▶ [ASSIGNED TASK]: Within the records that follow, restate exactly the lines from the line with "新齐谐·叶生妻近义词是什么意思的图片" down to the line with "El tuit del", including both. Omit the pictures.

▶ [EXTRACTED ENTRIES]:
....................

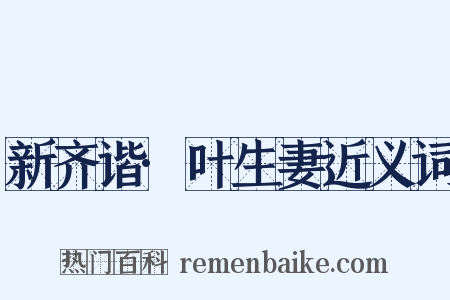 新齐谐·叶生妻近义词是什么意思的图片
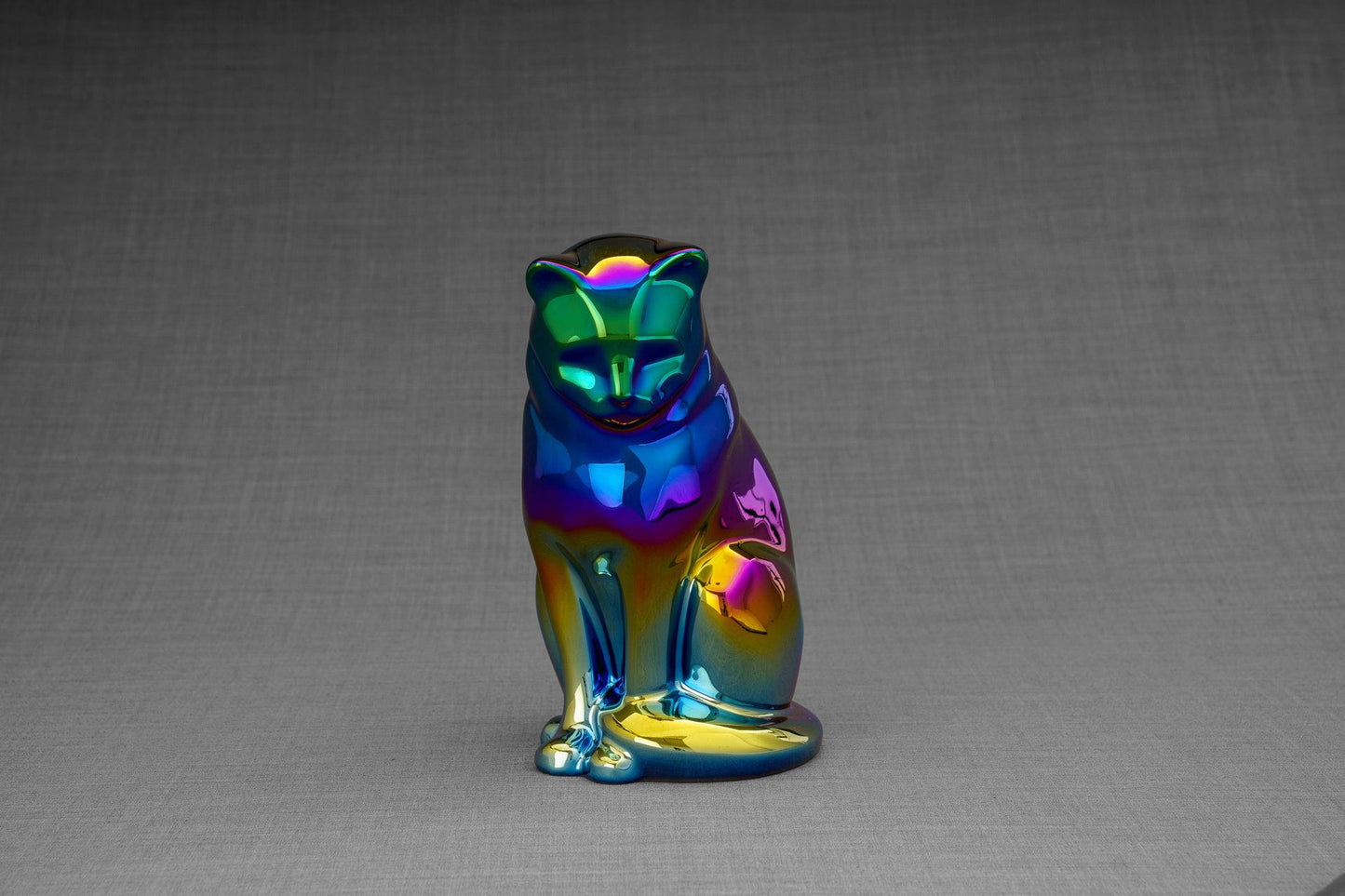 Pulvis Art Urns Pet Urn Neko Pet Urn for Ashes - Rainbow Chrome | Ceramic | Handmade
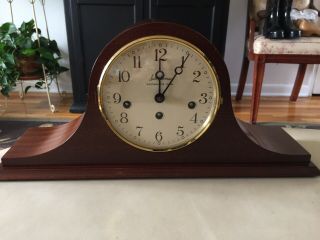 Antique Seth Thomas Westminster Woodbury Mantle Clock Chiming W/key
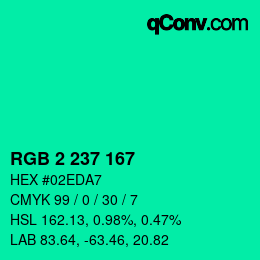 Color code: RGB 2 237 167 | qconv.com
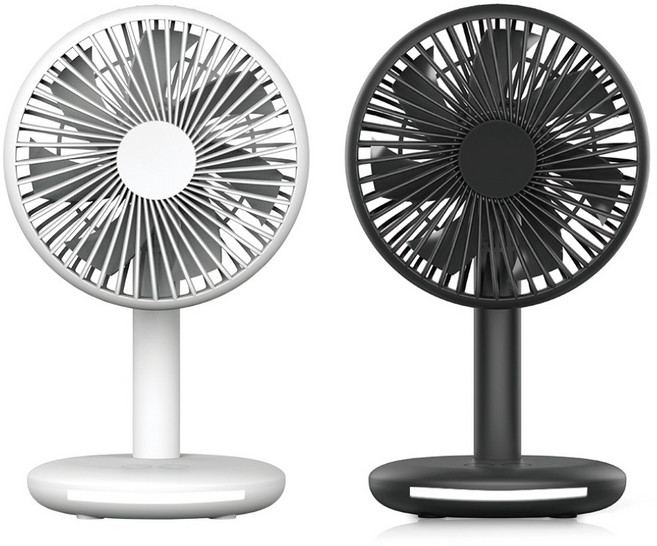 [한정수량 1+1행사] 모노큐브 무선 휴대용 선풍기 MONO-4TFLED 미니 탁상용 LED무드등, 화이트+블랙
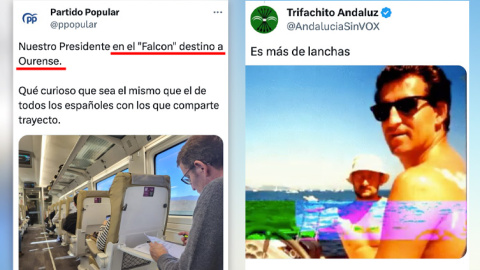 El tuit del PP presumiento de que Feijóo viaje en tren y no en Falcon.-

....................

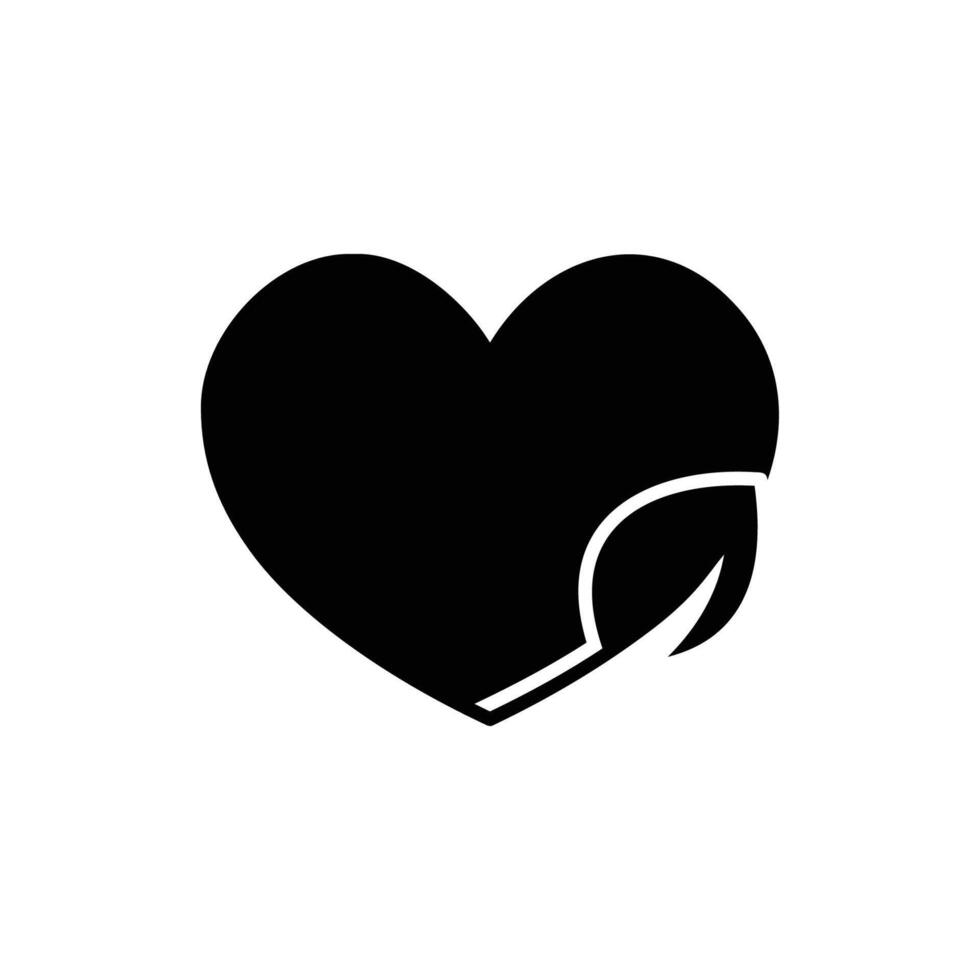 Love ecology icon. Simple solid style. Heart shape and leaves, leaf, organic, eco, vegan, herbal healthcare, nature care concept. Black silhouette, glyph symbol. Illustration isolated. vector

....................

▶ [RESULT OF THIS EXERCISE]:
 新齐谐·叶生妻近义词是什么意思的图片
 Pulvis Art Urns Pet Urn Neko Pet Urn for Ashes - Rainbow Chrome | Ceramic | Handmade
 Antique Seth Thomas Westminster Woodbury Mantle Clock Chiming W/key
 Color code: RGB 2 237 167 | qconv.com
 [한정수량 1+1행사] 모노큐브 무선 휴대용 선풍기 MONO-4TFLED 미니 탁상용 LED무드등, 화이트+블랙
 El tuit del PP presumiento de que Feijóo viaje en tren y no en Falcon.-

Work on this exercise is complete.